Part of the Sexual Violence and Misconduct Policy is education and training. The education portion could include the Victoria Sexual Assault Centre’s four available workshops. Continuing the consent education workshops, which happened at Camosun on a trial basis in November, is also important.

If education and training are to be a part of this policy, they need to be advertised. All education needs to be opened to the whole school, not just to the students who are in certain groups. It isn’t enough that the policy will exist and that workshops are being shared in certain circles; there needs to be huge and obvious advertising to get students’ attention. As we found during this story, students are just not aware of this policy. The college needs to do more to raise awareness.

Camosun needs to bring in a person who is completely independent of the school for students to report to; someone affiliated with the school has the potential to be biased and to take the school’s welfare into greater consideration than the victim’s. Institutions, organizations, and employers can say what they want about it being safe to report to a person, but experience shows a greater interest in the well-being of whoever’s signing the paycheques.

The person being reported to also needs to be inclusive of all genders.
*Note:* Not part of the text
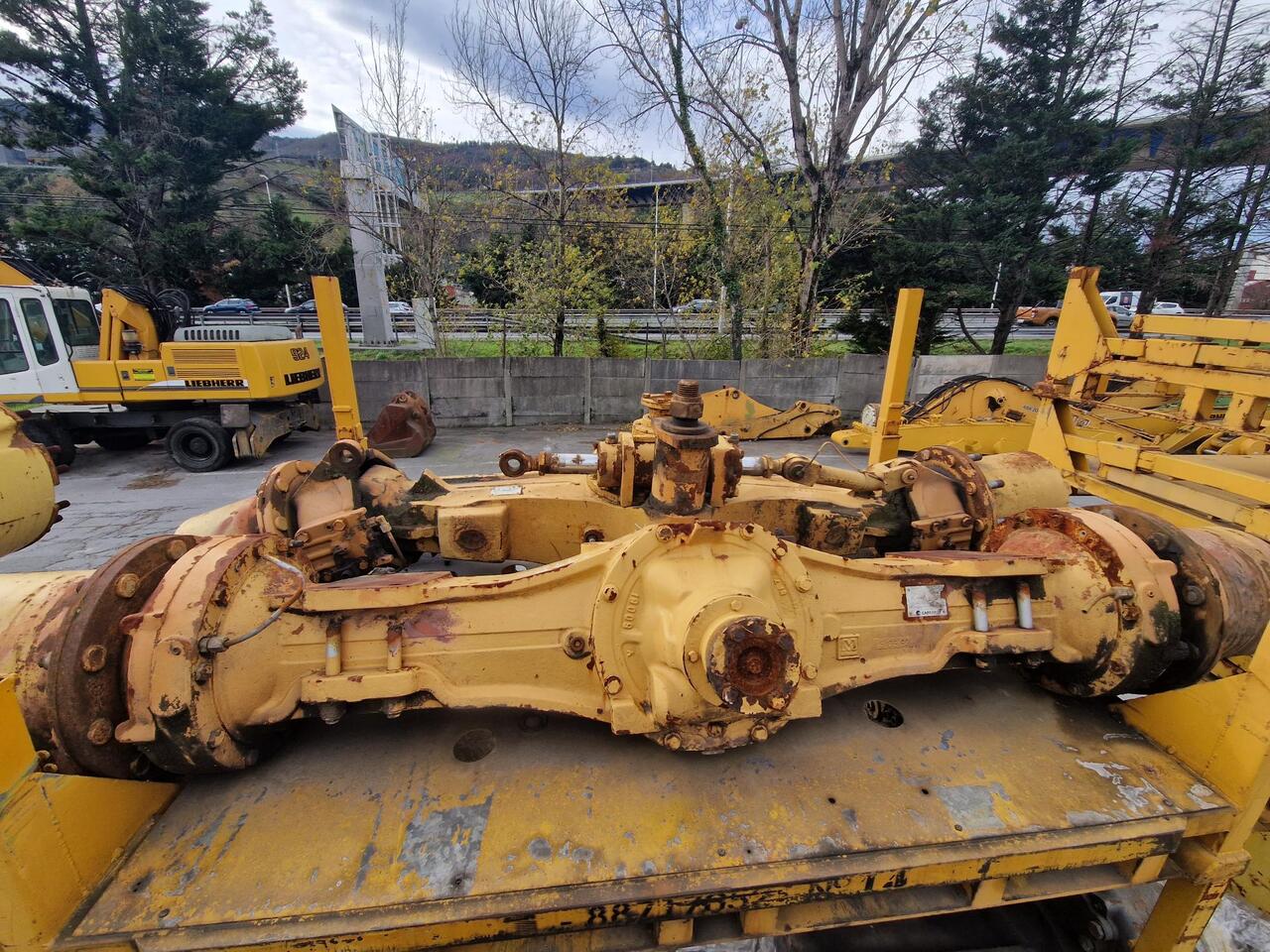 EJES CARRARO 852 FR PAR CASE 1288 - Вісь та запчастини в категорії Будівельна техніка: фото 4 EJES CARRARO 852 FR PAR CASE 1288 - Вісь та запчастини в категорії Будівельна техніка: фото 4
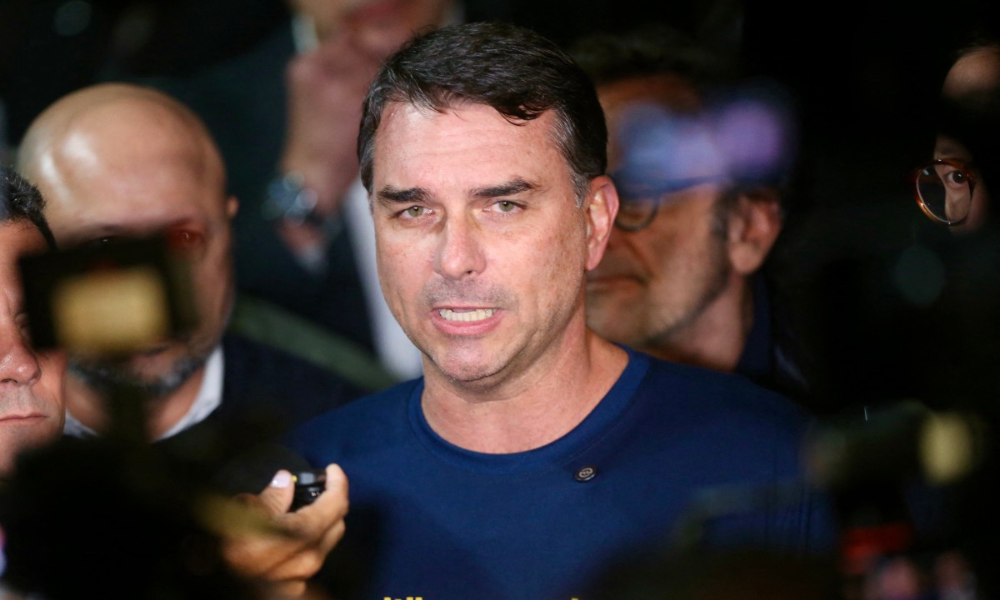 Meios estrangeiros repercutem suposta fuga de Flávio Bolsonaro para os Estados Unidos após derrota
Frequently, a victim’s story is ridiculed because they, as some like to say, “don’t have the right parts” for assault, or the person they are trying to talk to isn’t aware that there are more than just men and women out there. Victims need to feel safe and not dismissed because of how they identify or present.

The college needs to have a way for students to report an incident anonymously. Speaking up is the hardest part, and the victim needs to be able to do it in whatever way makes them comfortable. They need to know that no further harm will come to them. They need to know that the college will protect them.